Activation models
Users need a simple and discoverable way to activate or invoke voice interactions on your app. This should align with the aesthetic and theme of the app or game, as well as the interaction model. Below are several examples of common custom activation methods.
A UI affordance is an option within the user interface that can be used for activation such as a mic button, exclamation point above a character’s head, and so on. Common use cases include keyboard dictation or search activities.
Pros
- High discoverability and reliability—it’s easy for the user to find and activate
- Low learning curve—it’s easy for new users to learn
- High input device adaptation — easy to transfer the affordance to a different device
Cons
- Easy to overload the paradigm—it is easy to have too many icons or affordances and cause confusion
- Increase visual density of interface—adds an additional element to the interface
- Not always accessible—if visual, it may not be accessible to someone with visual impairment or when hand-tracking is being used
Examples
Controller click on microphone button
Hand pinch click on UI button
Hand direct touch on UI button
This option is often very effective and natural when used within the context of a game. Some common examples are rubbing a magic lamp, standing in front of a magic mirror, or talking to a non-player character (NPC). The primary use case is voice-driven gameplay.
Pros
- Preserves immersion—it appears as part of the normal user activity and doesn’t disrupt the flow of the game.
- Useful for voice-driven gameplay and novel interactions—it helps to preserve the user’s focus on the game
- Contextual—it’s only available at the time when it can be used, so there’s little chance of accidental activation
Cons
- Discoverability may be low—unless the user knows that this option is available, they may miss it. For example, they may simply walk right by the NPC who might otherwise talk to them.
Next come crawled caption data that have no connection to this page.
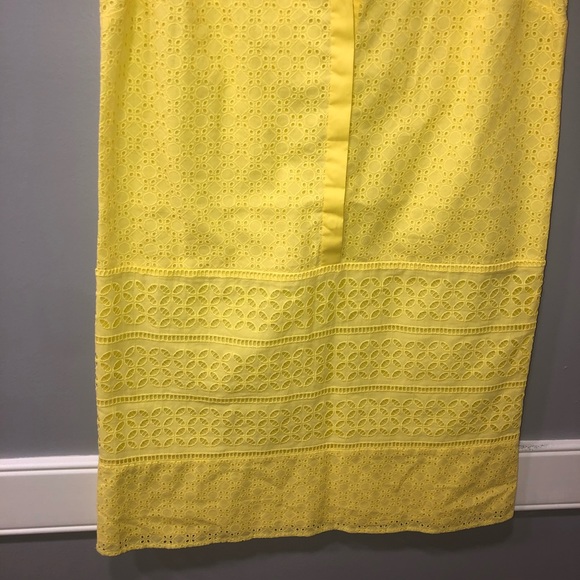 Ann Taylor Embroidered Sleeveless Yellow Dress - Picture 3 of 8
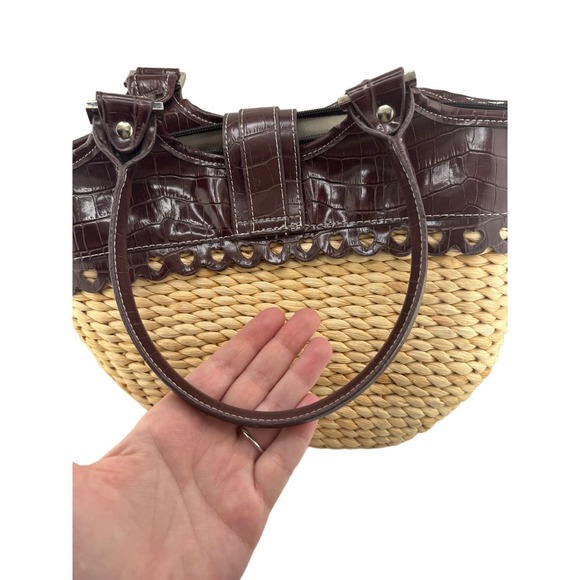 Straw Tote Handbag‎ Heart Accents Silver Buckle - Picture 5 of 14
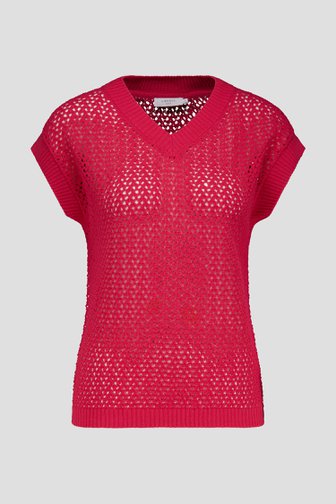 Pull rouge à motief ajouré et manches courtes de Liberty Island pour Femmes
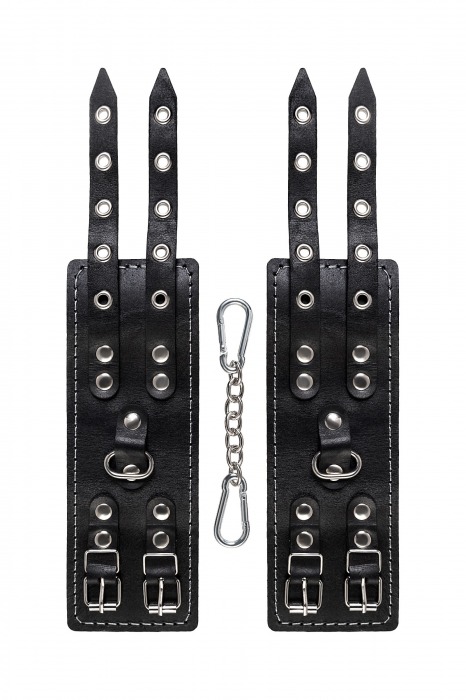 Черные кожаные наручники с двумя ремнями и красной подкладкой - Pecado - купить с доставкой в Элисте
- Difficulty in conveying state—transparency is important to maintain confidence in an app or game, and this is difficult with a virtual activation.
This option uses the first person perspective and eye tracking as the activation method. It can be combined with other gestures or game elements to provide an immersive experience. For example, gazing at a non-player character and waving to speak or locking onto a target during game play to use a voice command.
Pros
- Accessible when hands are not—this can both improve accessibility and provide greater flexibility in physical interactions with non-player characters. It can be particularly useful when hand-tracking is being used
- Reduces accidental activations when when combined with other inputs—by making the activation multi-step it increases certainty for the activation
- Natural form of interaction with a lower learning curve —it can provide a faster and more intuitive way to activate
Cons
- Accidental activation when used alone—control of head/eye gaze is notoriously difficult to control with precision. This can affect both accuracy when trying to trigger activation and increase the possibility of unintentional activation.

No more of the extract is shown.